Wednesday November 9, 1:00-2:00 p.m.
Online via Zoom or by Phone
Registration Required
Daytime viewing staples for seven decades, soap operas hold an important place in television history. Elana Levine is a longtime soap opera fan who looks at the genre through two connected lenses: the role soaps have played in shaping cultural understandings of gender, as well as the rise and fall of network television’s influence on pop culture.
Elana Levine is professor of media, cinema, and digital studies in the Department of English at the University of Wisconsin-Milwaukee. She is the author of Her Stories: Daytime Soap Opera and US Television History (2020) and Wallowing in Sex: The New Sexual Culture of 1970s American Television (2007), co-author of Legitimating Television: Media Convergence and Cultural Status (2012), and editor of Cupcakes, Pinterest, and Ladyporn: Feminized Popular Culture in the Early 21st Century (2015).
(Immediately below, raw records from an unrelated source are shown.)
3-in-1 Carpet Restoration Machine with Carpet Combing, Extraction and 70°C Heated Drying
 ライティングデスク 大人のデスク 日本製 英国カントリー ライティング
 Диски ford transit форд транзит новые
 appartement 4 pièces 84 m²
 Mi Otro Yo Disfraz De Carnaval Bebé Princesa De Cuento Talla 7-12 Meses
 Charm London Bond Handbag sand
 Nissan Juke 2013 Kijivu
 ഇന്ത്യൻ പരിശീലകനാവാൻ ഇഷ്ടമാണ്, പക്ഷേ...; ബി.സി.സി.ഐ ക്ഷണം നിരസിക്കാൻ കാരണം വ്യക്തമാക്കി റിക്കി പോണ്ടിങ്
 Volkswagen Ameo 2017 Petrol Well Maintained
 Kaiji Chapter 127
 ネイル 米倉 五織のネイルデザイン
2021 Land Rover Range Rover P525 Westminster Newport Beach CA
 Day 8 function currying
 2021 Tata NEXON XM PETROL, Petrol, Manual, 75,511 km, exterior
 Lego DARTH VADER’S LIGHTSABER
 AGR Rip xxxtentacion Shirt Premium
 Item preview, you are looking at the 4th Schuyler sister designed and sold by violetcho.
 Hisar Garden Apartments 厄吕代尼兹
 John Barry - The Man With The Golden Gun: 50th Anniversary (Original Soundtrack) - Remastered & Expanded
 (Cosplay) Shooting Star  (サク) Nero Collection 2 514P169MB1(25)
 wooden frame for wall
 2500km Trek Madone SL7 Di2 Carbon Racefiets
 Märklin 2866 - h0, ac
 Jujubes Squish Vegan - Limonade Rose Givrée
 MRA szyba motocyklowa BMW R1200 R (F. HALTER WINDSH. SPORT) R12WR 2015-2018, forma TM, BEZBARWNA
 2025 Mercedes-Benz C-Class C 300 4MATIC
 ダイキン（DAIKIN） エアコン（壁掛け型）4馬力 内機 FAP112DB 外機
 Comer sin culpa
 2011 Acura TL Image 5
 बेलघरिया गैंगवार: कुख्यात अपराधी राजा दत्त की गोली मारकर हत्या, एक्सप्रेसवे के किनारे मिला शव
To read more about Professor Levine and her book see UWM TV and Pop Culture Expert Traces Influential History of Daytime Soap Opera
As the lecture is online, you can use your computer or smartphone to access the lecture and see the speaker during the presentation. You will not be visible during the lecture, but you will be able to chat with the speaker by typing in your comments.
If you do not have a computer or smartphone you can also use your regular phone to dial a phone number and listen to the talk.